N.J.: Esto se relaciona con algo que te dije cuando, al encontrarnos aquí en La Habana, empezamos a conversar; fue sobre la idea de "corrección". Yo situaría la corrección, luchando contra las ideas tradicionales acerca de ella, como una posibilidad de perfeccionar la primera recepción; o sea, que si tú corriges tu propia escritura es porque se ha dado una primera y básica recepción que, a partir de ahí, puede potenciarse hacia un tercero. Lo interesante es que en "Historia del Cerco de Lisboa" tú la conviertes en el tema, aunque a mi juicio aparente. En realidad es, me parece, esa dimensión de la escritura como lo que tiene que cumplirse en ese primer receptor que es el escritor mismo. No sé si es claro.

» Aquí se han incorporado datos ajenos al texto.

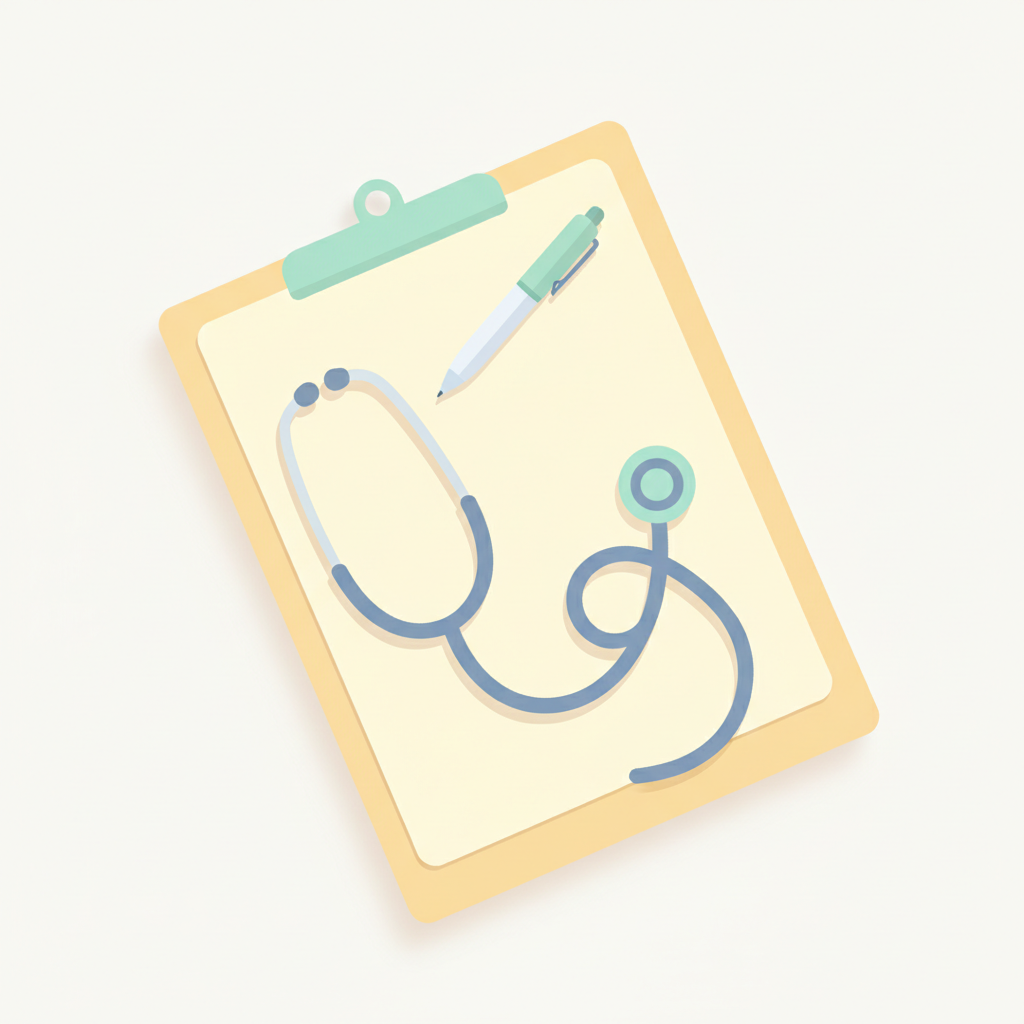 美容医療の最新トレンドと基礎知識が学べるコラムを読む人々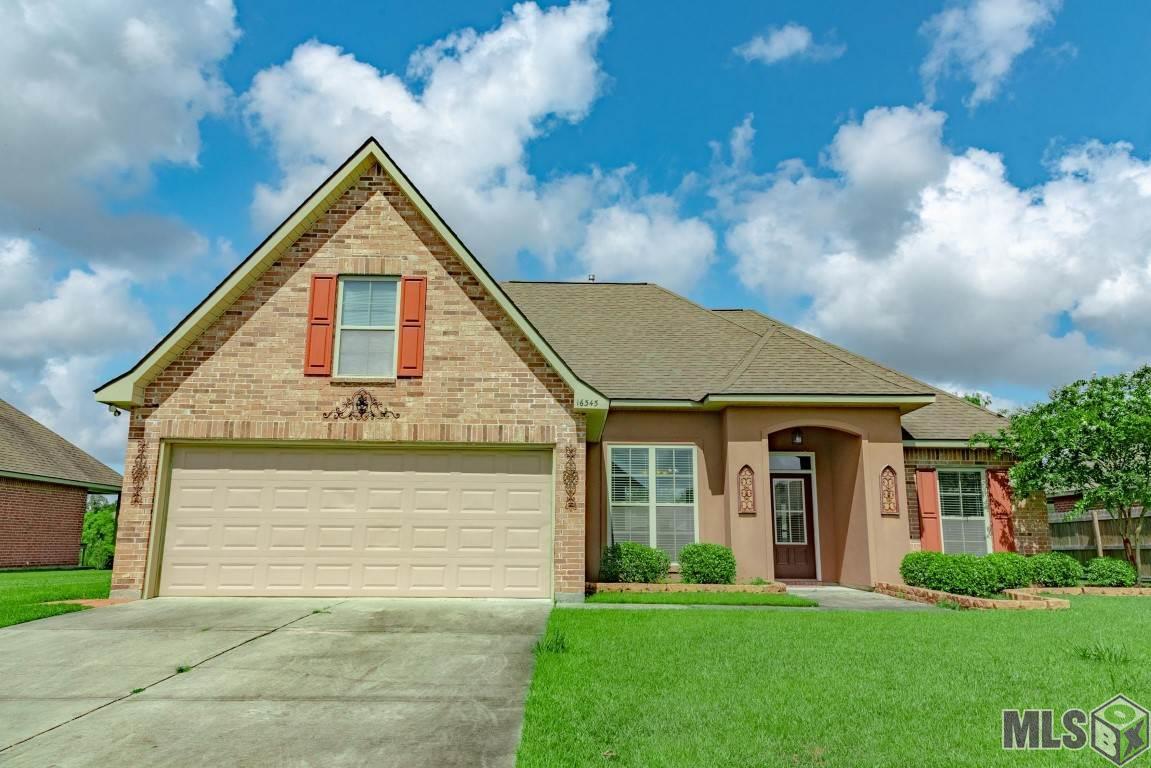 16345 Keystone Blvd - Photo 1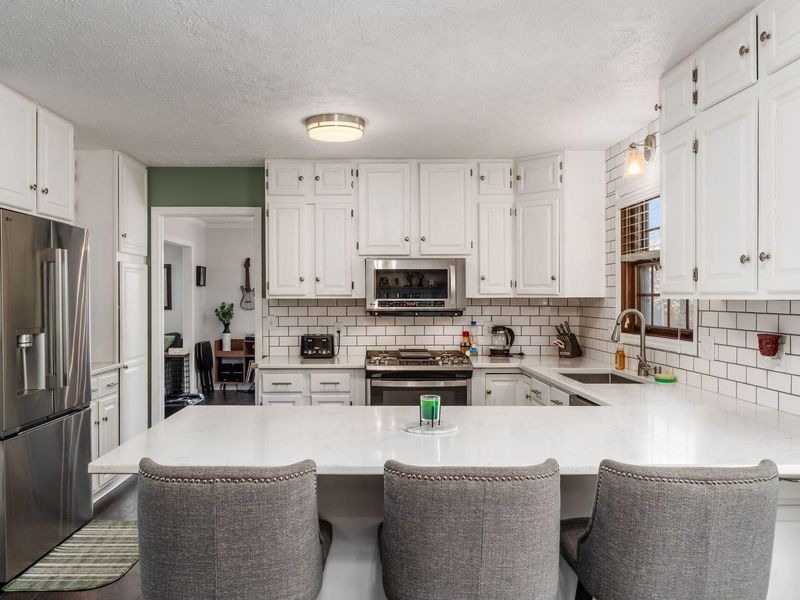 141 Applewood Drive, Chillicothe, OH 45601 Photo 21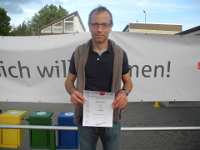 2014.06.18 - 2. LAV-Laufabend 2014-328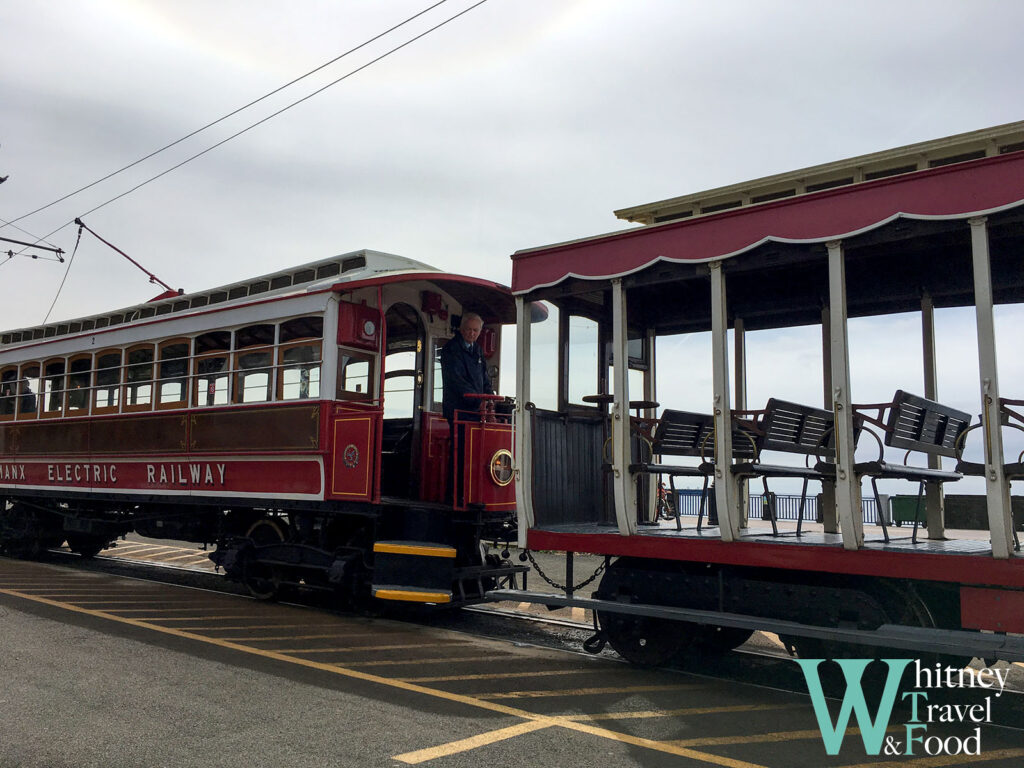 snaefell isle of man 6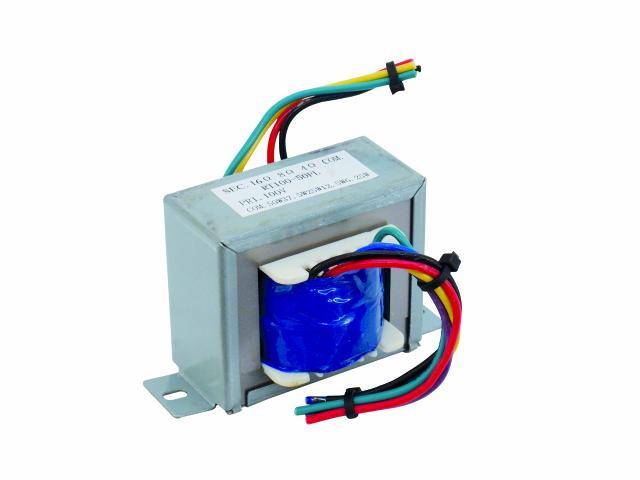 Omnitronic ELA-T50 PA transformer 50 W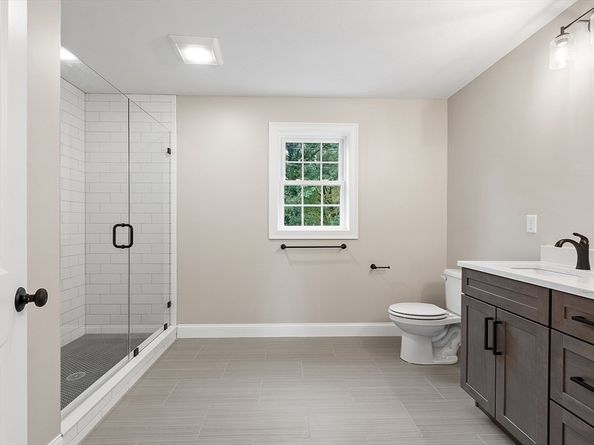 1 Roberts Way, Westminster MA 01473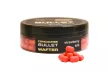 BENZAR MIX CONCOURSE BULLET WAFTER EPER-KRILL 7 MM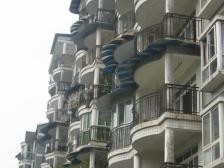 渝北 金碧园 2室2厅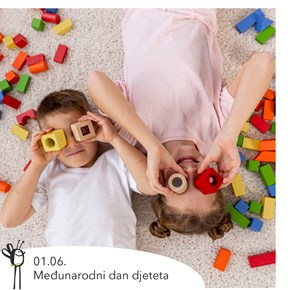 Akcija u <br/> Froddo shopu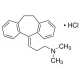 AMITRIPTYLINE HYDROCHLORIDE >=98% (TLC), powder,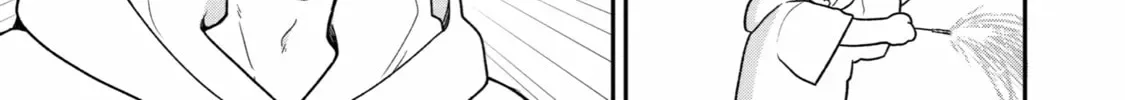 How I Attended an All-Guy's Mixer Chapter 33 page 14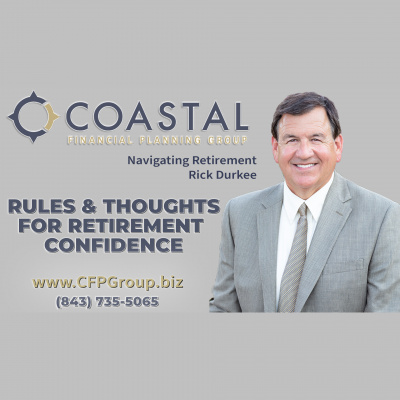 Navigating Retirement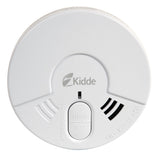 Détecteur de fumée 3Y29 - Kidde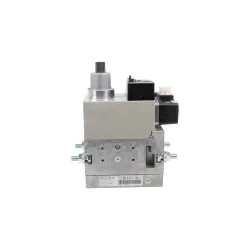 Газовый мультиблок Elco MB-DLE 412 B01 S20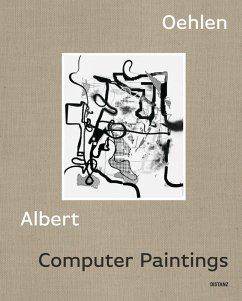 Cover Computer Paintings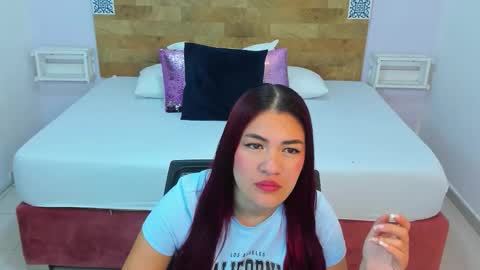 Kylie online show from February 2026 10:58:02 AM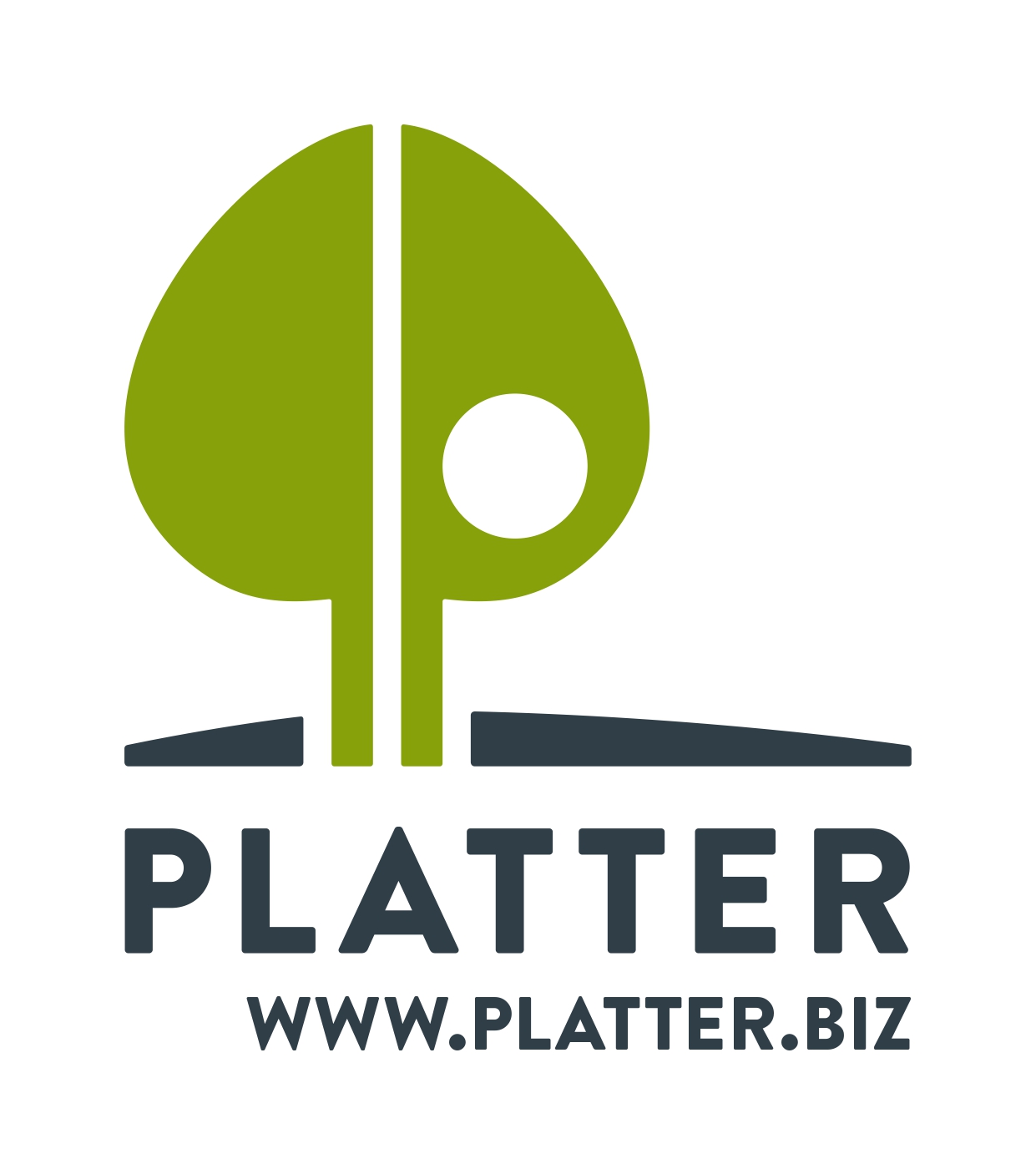 Logo_Platter_page-0001.jpg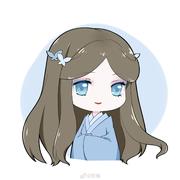 吱吱小袋鼠的个人资料头像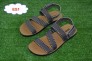 Cung cấp sỉ giày sandal nam - ES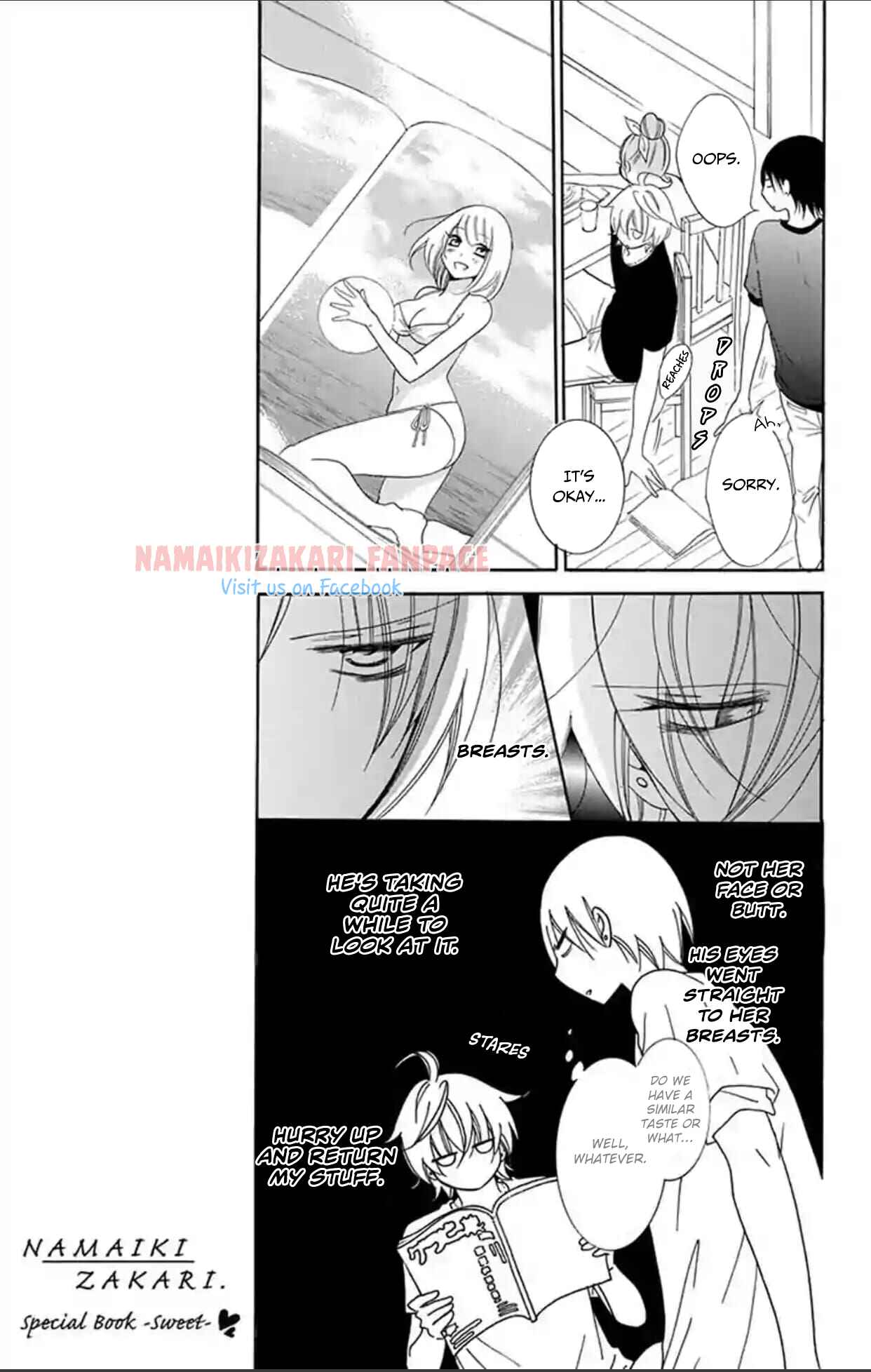 Chapter 67.5 - Page 10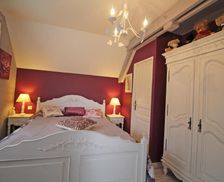 France Limousin Saint-Denis-des-Murs vacation rental compare prices direct by owner 26805873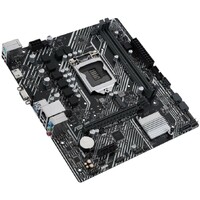 ASUS PRIME H510M-K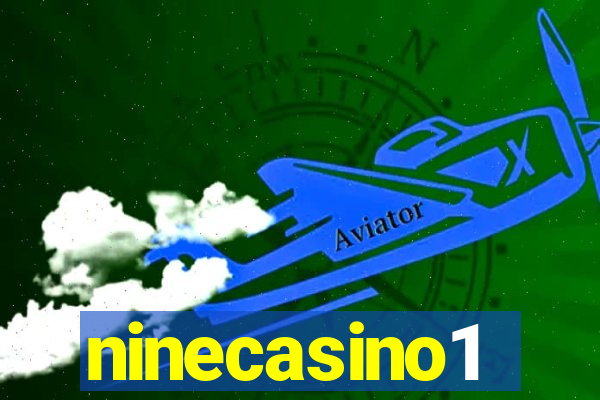 ninecasino1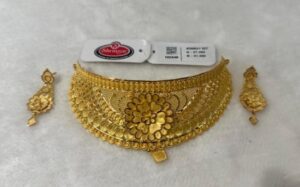 Shringar House of Mangalsutra - Bridal Jewellery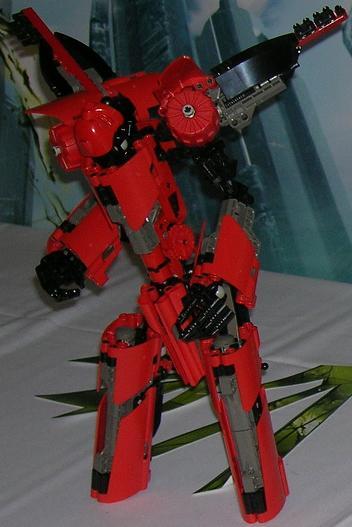 moc7.jpg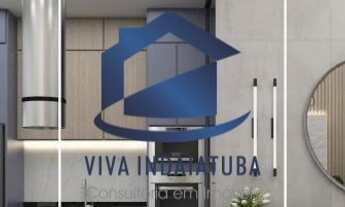 Imagem 4: Casa - Jardim Mantova - Indaiatuba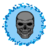 SeventhSkull :iconseventhskull: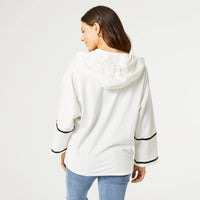 Marisol Jacket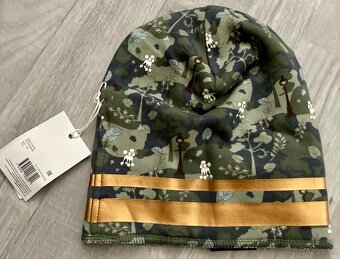 Elodie Rebel Poodle - 2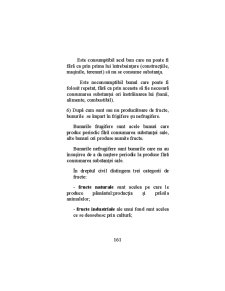 Elemente de Drept - Pagina 138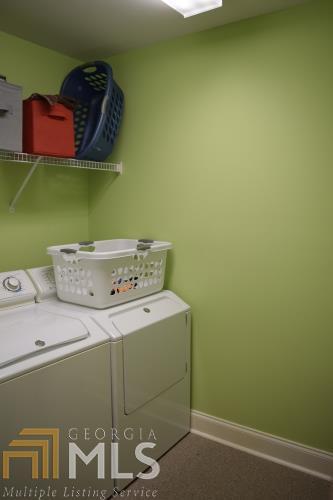 1300 Old River Rd, Cornelia, GA 30531 photo 48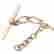 item-130280593=5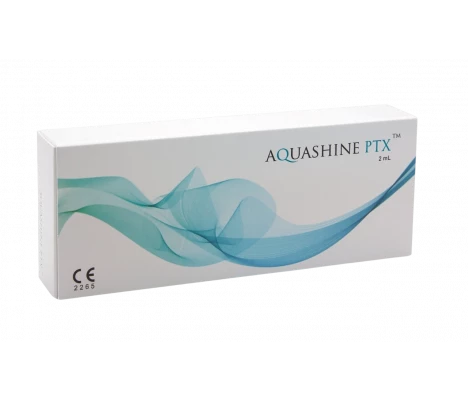 Aquashine PTX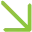 Arrow Down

J.S.: Sí, lo es, pero en esa novela debe entenderse, quizás, de otra manera. El autor engaña un poco porque sabe que tiene que corregir, sabe que podría corregir inmediatamente y no lo hace y mantiene, por un tiempo -a veces por dos o tres páginas, a veces mucho más- al lector en un error introducido deliberadamente, y el lector se quedará con esa idea hasta que, por fin, se haga la corrección. Yo diría que lo que está ocurriendo en mis novelas, no en todas y no siempre, es una corrección continua en la que el narrador -ahora lo admito, lo acepto- está volviendo atrás para reponer, para aclarar o mirar de otra manera, y no siempre para corregir. Aquí volvemos a la ondulación, pero no solamente como continua sino como recursiva, volver atrás para seguir adelante. A veces me dicen: "usted tiene muchísima imaginación", y yo digo: "no, no es verdad"; "usted inventa mucho", no, yo no invento, yo no tengo imaginación, yo lo que hago es poner a la vista de la gente lo que está ahí; y eso es el alimento de lo que hago.